Gatineau et Ontario sans fumée
Juin 2003 - No 45
Selon un sondage SOM commandité par Radio-Canada et le quotidien Le Droit, 69 % des résidants de Gatineau approuveraient une interdiction totale de fumer dans les lieux publics intérieurs, tels les restaurants et les bars, comme celle en vigueur avec succès à Ottawa depuis le 1er août 2001.
Rappelons que Gatineau est cette nouvelle grande ville de 230 000 habitants née en janvier 2002 de la fusion de cinq municipalités québécoises, dont Hull, situées face à Ottawa de l’autre côté de la rivière des Outaouais. Cet appui impressionnant dépasse même celui obtenu lors des sondages à Ottawa, avant ou peu après sa transformation en ville sans fumée, lequel appui variait de 55 à 65 %.

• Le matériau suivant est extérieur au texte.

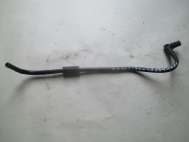 Трубка охлаждения 55561763 422542782 554562377 Шевроле Круз Astra Insignia Mokka с F18D4 Z18XER - БУ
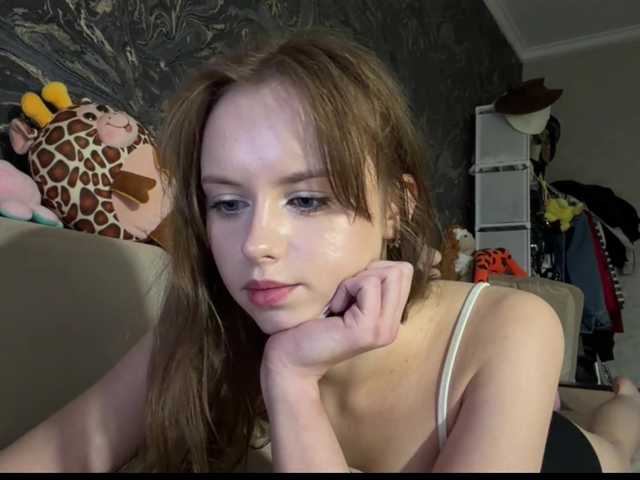 ekatela live cam on BongaCams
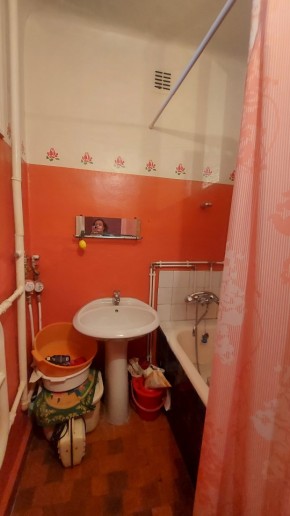 ул. Челюскинцев,70 в Туринске - turinsk.yutvil.ru - фото 13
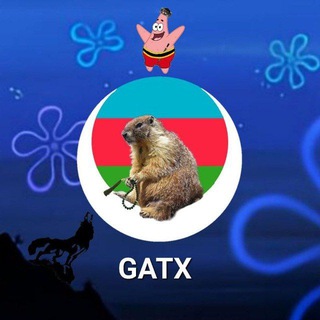 Telegram profile photo for قاتخ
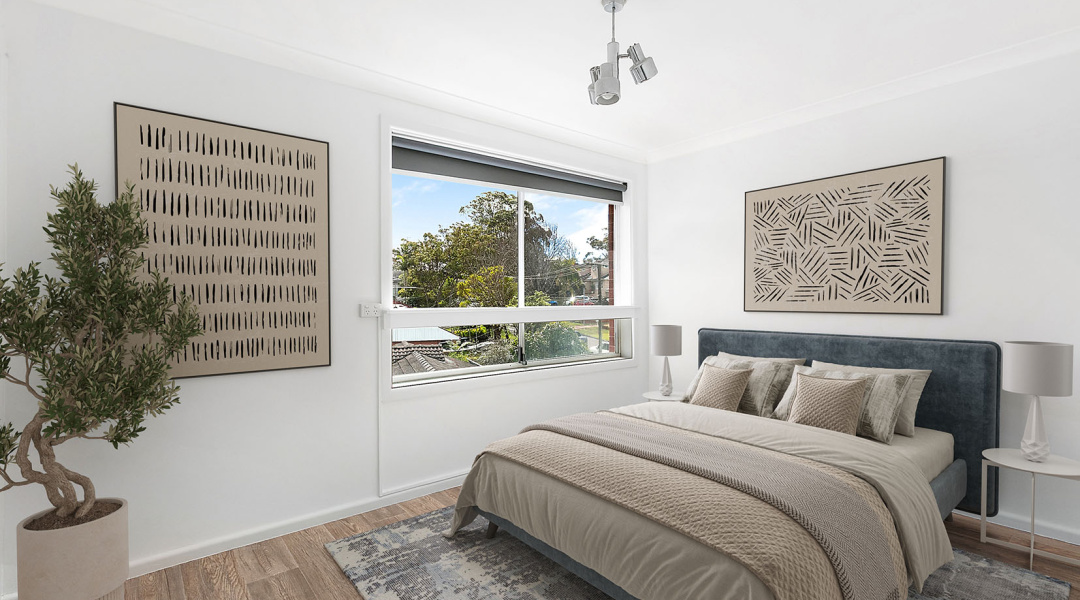 Frenches Forest, NSW 2086, 4 Bedrooms Bedrooms, ,3 BathroomsBathrooms,House,For Rent,1074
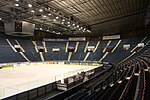 Hovet (arena)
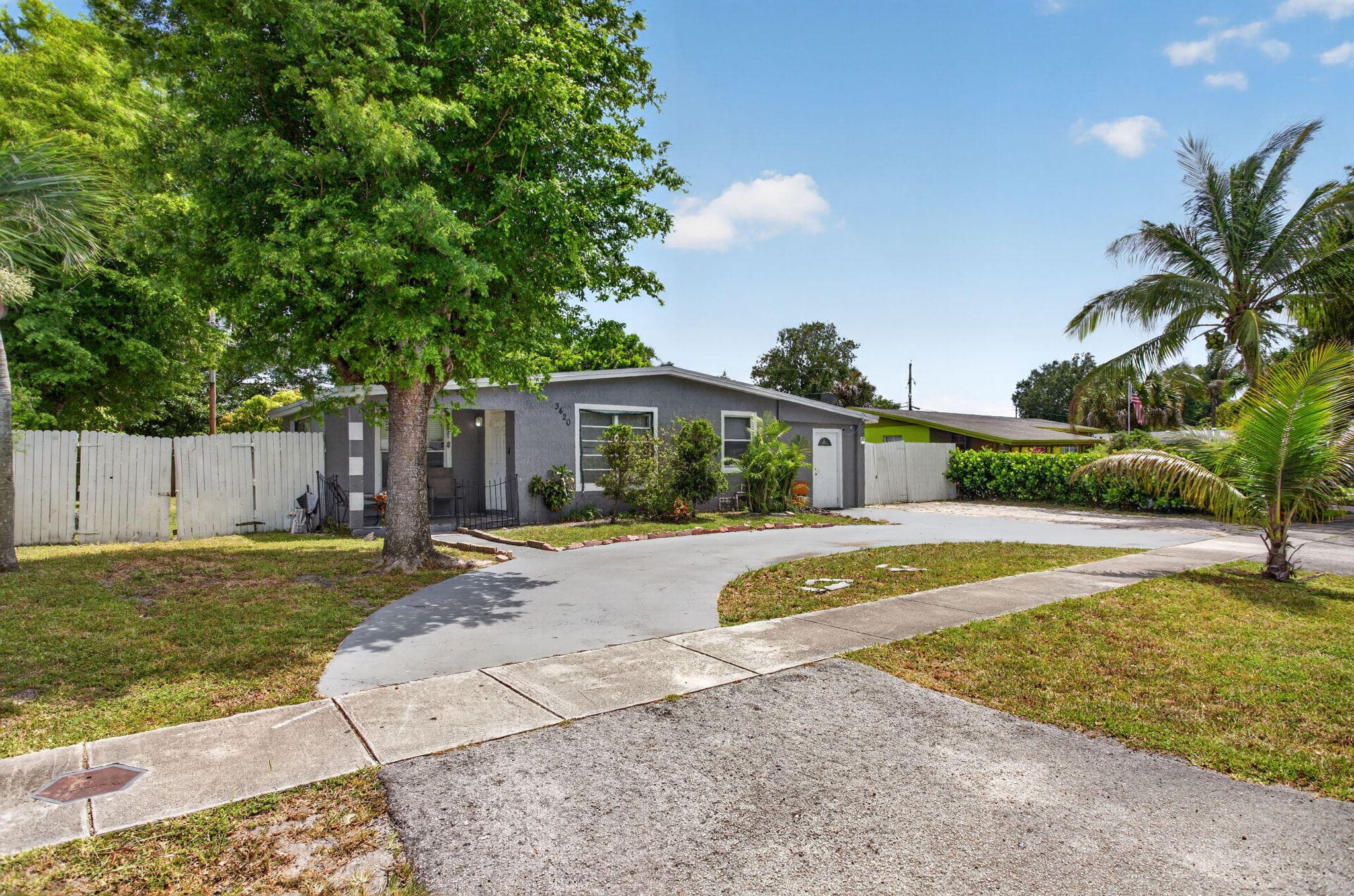 3420 NW 5th Court, Lauderhill, FL 33311 — photo 2 of 46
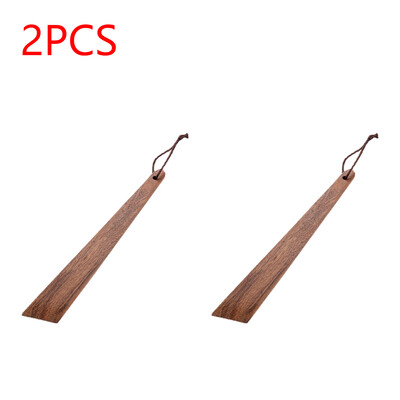 2/1 KOM Wok lopatica od tikovine za kuhanje Drvena lopata za posuđe bez štapića Strugač Izdržljiva drvena lopatica Vanjski pribor za roštiljanje za kampiranje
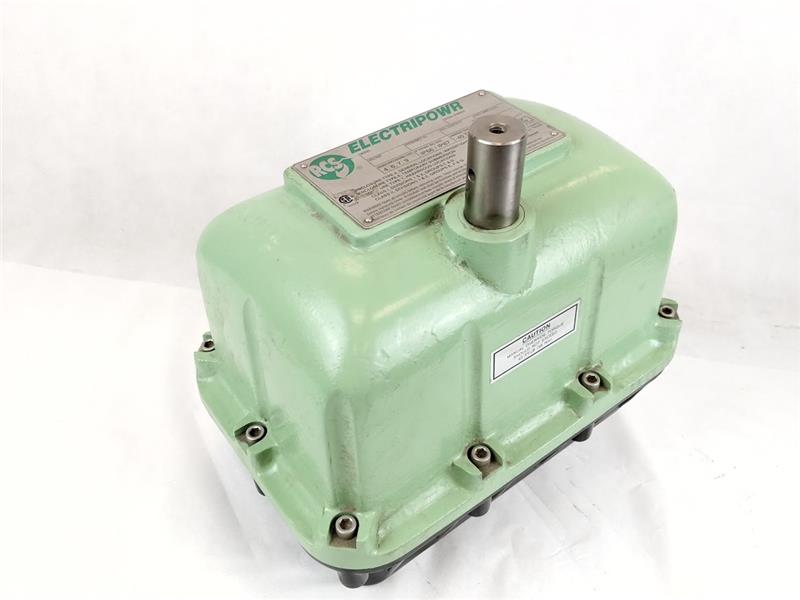 INGERSOLL RAND MAR100-30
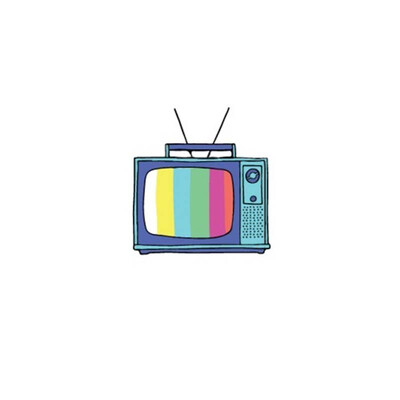 

Gernro Акриловые значки на рюкзаке Красочные ностальгические значки для рюкзака Значок Pin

Bien qu’il ne souhaite pas voir sa municipalité s’engager dans la protection des non-fumeurs, le maire de Gatineau, Yves Ducharme, n’est pas étonné du support des citoyens. « Je ne suis pas surpris parce que je crois que ça correspond au nombre grandissant de non-fumeurs dans la société, a-t-il déclaré au Droit fin avril. Mais ce n’est pas notre juridiction. Le gouvernement du Québec doit prendre ses responsabilités et y mettre l’argent nécessaire. Il doit éviter de transférer, une fois de plus, des responsabilités aux municipalités sans leur donner les moyens de les assumer. Un tel règlement coûte cher car il faut pouvoir l’appliquer et il sera contesté en cour, c’est certain. » Le maire Ducharme croit qu’un sondage effectué à la grandeur du Québec donnerait une meilleure idée de l’opinion de l’ensemble des Québécois, ce qui aurait plus d’influence sur le nouveau gouvernement libéral.
Bien avant la tenue d’un éventuel sondage panquébécois, les citoyens de Gatineau ont encore été interrogés sur leur appui à un règlement antitabac sévère, cette fois par des chercheurs de l’Université du Québec en Outaouais. Les résultats de ce sondage seront dévoilés en juin par ses promoteurs, la Commission Gatineau Ville en santé et la Direction de la santé publique de l’Outaouais.
Les citoyens de Gatineau ont sans doute eu l’occasion d’apprécier l’air assaini des restaurants de la capitale. Ils ont aussi pu constater que l’ensemble des restaurants d’Ottawa, de même que la plupart des bars de qualité, font toujours de bonnes affaires.
L’Ontario bientôt sans tabac
Il est probable que, à court ou moyen terme, la province de l’Ontario bannisse le tabac dans l’ensemble de ses bars et restaurants, si on se fie aux propos de l’actuel ministre de la santé, Tony Clement, et surtout au nouveau programme de l’opposition officielle, le Parti libéral.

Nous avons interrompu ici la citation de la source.